Patchwork [V7] copy: add flag for disabling copy tracing

login
register
mail settings
Submitter Durham Goode
Date Aug. 12, 2015, 4:26 a.m.
Message ID <5cc00a1d99579c69a3d4.1439353593@dev2000.prn2.facebook.com>
Download mbox | patch
Permalink /patch/10194/
State Accepted
Headers show

Comments

Durham Goode - Aug. 12, 2015, 4:26 a.m.
# HG changeset patch
# User Durham Goode <durham@fb.com>
# Date 1422386787 28800
#      Tue Jan 27 11:26:27 2015 -0800
# Branch stable
# Node ID 5cc00a1d99579c69a3d4807a58042c74055446f6
# Parent  79f0cb97d7537a7c2948f8f9b0a89148825a3a1d
copy: add flag for disabling copy tracing

Copy tracing can be up to 80% of rebase time when rebasing stacks of commits in
large repos (hundreds of thousands of files).  This provides the option of
turning off the majority of copy tracing. It does not turn off _forwardcopies()
since that is used to carry copy information inside a commit across a rebase.

This will affect the situation where a user edits a file, then rebases on top of
commits that have moved that file. The move will not be detected and the user
will have to manually resolve the issue (possibly by redoing the rebase with
this flag off).

The reason to have a flag instead of trying to fix the actual copy tracing
performance is that copy tracing is fundamentally an O(number of files in the
repo) operation.  In order to know if file X in the rebase source was copied
anywhere, we have to walk the filelog for every new file that exists in the
rebase destination (i.e. a file in the destination that is not in the common
ancestor).  Without an index that lets us trace forward (i.e. from file Y in the
common ancestor forward to the rebase destination), it will never be an O(number
of changes in my branch) operation.

In mozilla-central, rebasing a 3 commit stack across 20,000 revs goes from 39s
to 11s.
Augie Fackler - Aug. 12, 2015, 9:15 p.m.
On Tue, Aug 11, 2015 at 09:26:33PM -0700, Durham Goode wrote:
> # HG changeset patch
> # User Durham Goode <durham@fb.com>
> # Date 1422386787 28800
> #      Tue Jan 27 11:26:27 2015 -0800
> # Branch stable
> # Node ID 5cc00a1d99579c69a3d4807a58042c74055446f6
> # Parent  79f0cb97d7537a7c2948f8f9b0a89148825a3a1d
> copy: add flag for disabling copy tracing
>
> Copy tracing can be up to 80% of rebase time when rebasing stacks of commits in
> large repos (hundreds of thousands of files).  This provides the option of
> turning off the majority of copy tracing.
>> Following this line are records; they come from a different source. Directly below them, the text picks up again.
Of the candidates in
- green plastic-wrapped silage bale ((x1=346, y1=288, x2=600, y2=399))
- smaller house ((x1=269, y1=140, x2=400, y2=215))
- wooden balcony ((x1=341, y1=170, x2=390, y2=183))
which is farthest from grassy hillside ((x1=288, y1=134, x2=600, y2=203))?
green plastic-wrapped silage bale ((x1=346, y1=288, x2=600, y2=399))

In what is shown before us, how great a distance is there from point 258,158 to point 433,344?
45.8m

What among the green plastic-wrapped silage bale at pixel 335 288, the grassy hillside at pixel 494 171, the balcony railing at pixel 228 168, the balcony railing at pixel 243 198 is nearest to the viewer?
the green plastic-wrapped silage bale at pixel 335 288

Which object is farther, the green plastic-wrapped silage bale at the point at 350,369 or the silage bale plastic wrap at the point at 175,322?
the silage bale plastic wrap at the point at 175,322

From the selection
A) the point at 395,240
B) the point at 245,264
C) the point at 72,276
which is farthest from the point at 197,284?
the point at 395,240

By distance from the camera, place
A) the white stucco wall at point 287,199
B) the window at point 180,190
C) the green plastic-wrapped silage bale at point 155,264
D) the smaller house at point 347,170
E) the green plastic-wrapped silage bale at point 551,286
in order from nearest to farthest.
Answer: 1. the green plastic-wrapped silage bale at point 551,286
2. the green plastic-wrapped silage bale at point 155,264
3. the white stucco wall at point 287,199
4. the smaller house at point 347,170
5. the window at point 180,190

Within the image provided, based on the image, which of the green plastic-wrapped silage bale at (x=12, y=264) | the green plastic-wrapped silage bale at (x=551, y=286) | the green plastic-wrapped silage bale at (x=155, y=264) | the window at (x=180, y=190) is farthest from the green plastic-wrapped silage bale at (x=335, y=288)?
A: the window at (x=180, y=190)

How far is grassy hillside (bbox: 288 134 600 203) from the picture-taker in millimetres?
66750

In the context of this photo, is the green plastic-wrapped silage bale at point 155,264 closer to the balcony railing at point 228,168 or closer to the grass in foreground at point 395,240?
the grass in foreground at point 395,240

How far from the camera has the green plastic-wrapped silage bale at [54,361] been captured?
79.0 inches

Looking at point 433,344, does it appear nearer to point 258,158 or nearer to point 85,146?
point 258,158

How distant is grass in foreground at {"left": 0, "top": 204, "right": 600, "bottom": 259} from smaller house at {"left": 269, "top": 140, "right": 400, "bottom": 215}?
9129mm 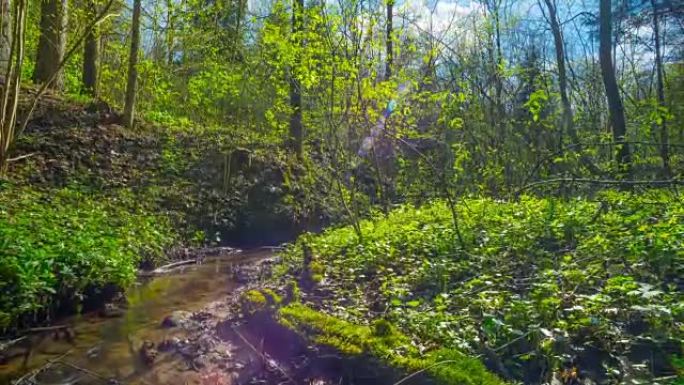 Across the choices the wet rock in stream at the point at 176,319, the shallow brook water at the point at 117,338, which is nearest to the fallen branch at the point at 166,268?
the shallow brook water at the point at 117,338

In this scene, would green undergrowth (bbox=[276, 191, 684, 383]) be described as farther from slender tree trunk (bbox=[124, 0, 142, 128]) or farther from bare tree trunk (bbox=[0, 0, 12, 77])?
slender tree trunk (bbox=[124, 0, 142, 128])

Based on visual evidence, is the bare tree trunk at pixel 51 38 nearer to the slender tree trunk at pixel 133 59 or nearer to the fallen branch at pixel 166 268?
the slender tree trunk at pixel 133 59

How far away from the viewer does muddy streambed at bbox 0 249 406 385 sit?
4082 millimetres

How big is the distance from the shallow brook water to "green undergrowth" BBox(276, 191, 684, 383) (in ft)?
5.04

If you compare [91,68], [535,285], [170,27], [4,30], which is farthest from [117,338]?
[91,68]

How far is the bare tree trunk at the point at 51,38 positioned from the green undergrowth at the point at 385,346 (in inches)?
343

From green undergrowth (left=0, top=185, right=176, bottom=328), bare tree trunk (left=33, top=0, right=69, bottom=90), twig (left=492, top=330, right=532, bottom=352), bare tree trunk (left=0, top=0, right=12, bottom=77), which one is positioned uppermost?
bare tree trunk (left=33, top=0, right=69, bottom=90)

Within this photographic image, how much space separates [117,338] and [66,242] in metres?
1.75

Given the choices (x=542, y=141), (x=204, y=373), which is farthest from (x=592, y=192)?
(x=204, y=373)

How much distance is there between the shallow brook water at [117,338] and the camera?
445 cm

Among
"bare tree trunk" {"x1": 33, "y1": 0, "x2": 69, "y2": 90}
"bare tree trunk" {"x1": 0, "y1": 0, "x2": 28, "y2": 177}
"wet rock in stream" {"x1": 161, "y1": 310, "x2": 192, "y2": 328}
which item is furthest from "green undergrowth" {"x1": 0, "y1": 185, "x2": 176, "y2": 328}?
"bare tree trunk" {"x1": 33, "y1": 0, "x2": 69, "y2": 90}

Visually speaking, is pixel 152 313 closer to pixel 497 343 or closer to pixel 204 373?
pixel 204 373

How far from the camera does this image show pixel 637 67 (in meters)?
22.0

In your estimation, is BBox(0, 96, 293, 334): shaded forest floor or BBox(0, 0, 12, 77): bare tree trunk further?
BBox(0, 0, 12, 77): bare tree trunk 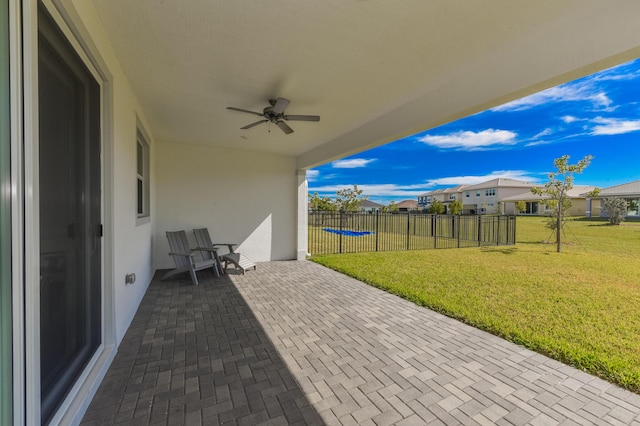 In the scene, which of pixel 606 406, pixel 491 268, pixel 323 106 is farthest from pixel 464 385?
pixel 491 268

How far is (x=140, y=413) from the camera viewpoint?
175 cm

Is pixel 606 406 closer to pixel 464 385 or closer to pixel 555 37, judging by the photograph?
pixel 464 385

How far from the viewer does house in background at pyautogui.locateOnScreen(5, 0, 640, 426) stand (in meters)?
1.11

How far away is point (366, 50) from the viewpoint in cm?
247

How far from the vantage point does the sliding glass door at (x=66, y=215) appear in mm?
1443

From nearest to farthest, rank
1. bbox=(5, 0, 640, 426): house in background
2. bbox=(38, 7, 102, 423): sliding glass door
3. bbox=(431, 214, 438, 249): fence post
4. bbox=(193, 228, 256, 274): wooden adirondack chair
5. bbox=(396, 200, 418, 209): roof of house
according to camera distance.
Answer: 1. bbox=(5, 0, 640, 426): house in background
2. bbox=(38, 7, 102, 423): sliding glass door
3. bbox=(193, 228, 256, 274): wooden adirondack chair
4. bbox=(431, 214, 438, 249): fence post
5. bbox=(396, 200, 418, 209): roof of house

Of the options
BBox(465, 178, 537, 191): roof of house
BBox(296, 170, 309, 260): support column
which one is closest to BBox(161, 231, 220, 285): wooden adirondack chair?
BBox(296, 170, 309, 260): support column

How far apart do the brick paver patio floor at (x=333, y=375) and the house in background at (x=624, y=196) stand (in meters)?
19.9

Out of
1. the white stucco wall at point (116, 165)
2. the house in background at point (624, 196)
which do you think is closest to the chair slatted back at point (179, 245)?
the white stucco wall at point (116, 165)

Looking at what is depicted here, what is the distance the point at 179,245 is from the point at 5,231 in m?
4.60

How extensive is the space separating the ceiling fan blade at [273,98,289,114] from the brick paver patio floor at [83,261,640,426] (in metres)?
2.64

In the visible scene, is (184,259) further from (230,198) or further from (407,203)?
(407,203)

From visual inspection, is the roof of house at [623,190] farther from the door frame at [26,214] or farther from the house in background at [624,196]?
the door frame at [26,214]

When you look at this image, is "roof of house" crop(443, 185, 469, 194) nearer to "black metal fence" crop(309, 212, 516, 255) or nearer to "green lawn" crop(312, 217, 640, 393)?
"black metal fence" crop(309, 212, 516, 255) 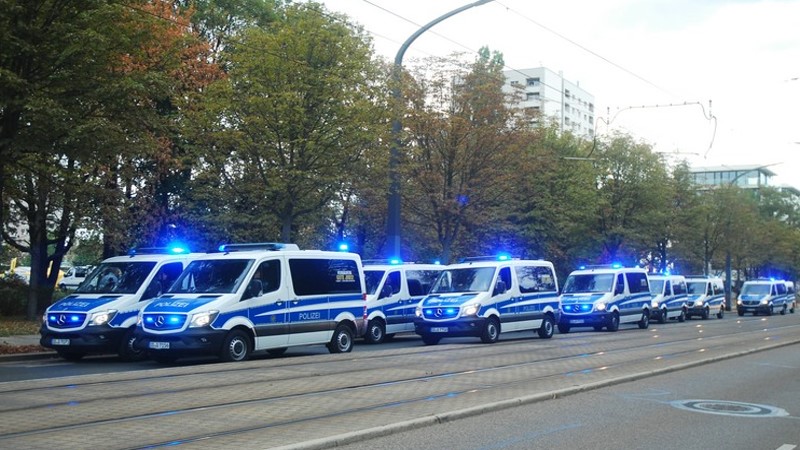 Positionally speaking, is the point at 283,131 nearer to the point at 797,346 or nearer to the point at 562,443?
the point at 797,346

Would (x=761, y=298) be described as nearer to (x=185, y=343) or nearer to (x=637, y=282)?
(x=637, y=282)

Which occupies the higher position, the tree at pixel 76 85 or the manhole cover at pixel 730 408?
the tree at pixel 76 85

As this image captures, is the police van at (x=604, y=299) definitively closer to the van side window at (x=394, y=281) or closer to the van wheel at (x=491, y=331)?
the van wheel at (x=491, y=331)

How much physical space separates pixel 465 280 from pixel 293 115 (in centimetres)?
671

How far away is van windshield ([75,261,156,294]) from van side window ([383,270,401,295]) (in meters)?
7.24

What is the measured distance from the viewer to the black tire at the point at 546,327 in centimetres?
2338

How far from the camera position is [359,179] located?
85.7 ft

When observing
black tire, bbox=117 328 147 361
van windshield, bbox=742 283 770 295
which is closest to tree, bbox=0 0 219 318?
black tire, bbox=117 328 147 361

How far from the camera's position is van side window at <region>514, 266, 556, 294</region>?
22.4m

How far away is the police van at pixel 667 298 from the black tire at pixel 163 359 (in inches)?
970

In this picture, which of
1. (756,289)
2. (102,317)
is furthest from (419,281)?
(756,289)

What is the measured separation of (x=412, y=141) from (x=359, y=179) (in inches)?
233

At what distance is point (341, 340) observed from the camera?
58.9 feet

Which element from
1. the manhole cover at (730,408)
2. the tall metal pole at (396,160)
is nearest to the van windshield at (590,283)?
the tall metal pole at (396,160) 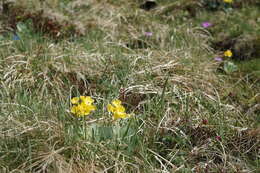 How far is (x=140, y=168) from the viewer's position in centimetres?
233

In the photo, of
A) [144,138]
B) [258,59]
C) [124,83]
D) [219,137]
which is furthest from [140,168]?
[258,59]

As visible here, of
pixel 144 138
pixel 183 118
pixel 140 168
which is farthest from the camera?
pixel 183 118

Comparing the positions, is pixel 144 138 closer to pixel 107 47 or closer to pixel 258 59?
pixel 107 47

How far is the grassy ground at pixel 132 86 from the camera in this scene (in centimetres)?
233

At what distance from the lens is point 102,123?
2.58 m

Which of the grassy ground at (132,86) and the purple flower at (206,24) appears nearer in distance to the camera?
the grassy ground at (132,86)

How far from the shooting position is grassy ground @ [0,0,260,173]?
233 cm

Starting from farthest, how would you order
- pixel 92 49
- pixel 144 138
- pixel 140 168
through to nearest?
pixel 92 49
pixel 144 138
pixel 140 168

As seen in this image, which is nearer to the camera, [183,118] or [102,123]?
[102,123]

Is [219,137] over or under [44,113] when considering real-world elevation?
under

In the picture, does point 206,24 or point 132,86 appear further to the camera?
point 206,24

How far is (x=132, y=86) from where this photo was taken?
310 centimetres

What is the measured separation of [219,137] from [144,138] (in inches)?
16.7

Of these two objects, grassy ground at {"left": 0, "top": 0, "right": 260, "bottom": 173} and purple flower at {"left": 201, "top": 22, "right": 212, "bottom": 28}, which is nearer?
grassy ground at {"left": 0, "top": 0, "right": 260, "bottom": 173} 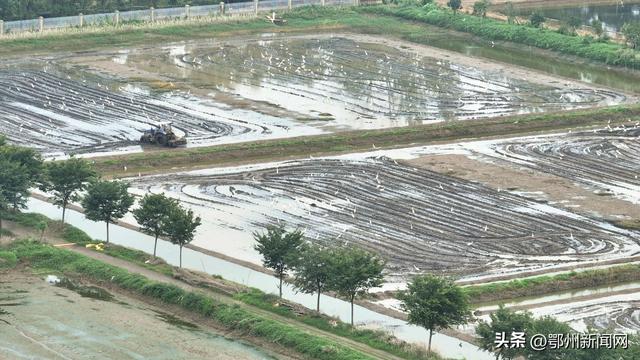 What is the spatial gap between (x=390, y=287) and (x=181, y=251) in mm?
5926

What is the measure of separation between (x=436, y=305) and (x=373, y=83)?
1394 inches

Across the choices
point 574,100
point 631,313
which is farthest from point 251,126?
point 631,313

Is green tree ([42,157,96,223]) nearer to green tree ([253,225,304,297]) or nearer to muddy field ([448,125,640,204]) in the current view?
green tree ([253,225,304,297])

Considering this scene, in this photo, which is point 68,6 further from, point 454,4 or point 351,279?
point 351,279

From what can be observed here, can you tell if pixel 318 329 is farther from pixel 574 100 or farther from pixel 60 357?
pixel 574 100

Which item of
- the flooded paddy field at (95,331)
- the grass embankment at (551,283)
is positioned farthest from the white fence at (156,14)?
the grass embankment at (551,283)

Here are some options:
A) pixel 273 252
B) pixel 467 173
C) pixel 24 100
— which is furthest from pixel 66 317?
pixel 24 100

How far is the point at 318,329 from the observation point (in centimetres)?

It does not turn off _forwardcopies()
> since that is used to carry copy information inside a commit across a rebase.
>
> This will affect the situation where a user edits a file, then rebases on top of
> commits that have moved that file. The move will not be detected and the user
> will have to manually resolve the issue (possibly by redoing the rebase with
> this flag off).
>
> The reason to have a flag instead of trying to fix the actual copy tracing
> performance is that copy tracing is fundamentally an O(number of files in the
> repo) operation.  In order to know if file X in the rebase source was copied
> anywhere, we have to walk the filelog for every new file that exists in the
> rebase destination (i.e. a file in the destination that is not in the common
> ancestor).  Without an index that lets us trace forward (i.e. from file Y in the
> common ancestor forward to the rebase destination), it will never be an O(number
> of changes in my branch) operation.
>
> In mozilla-central, rebasing a 3 commit stack across 20,000 revs goes from 39s
> to 11s.

LGTM - thanks for adding some supporting documentation in the log message!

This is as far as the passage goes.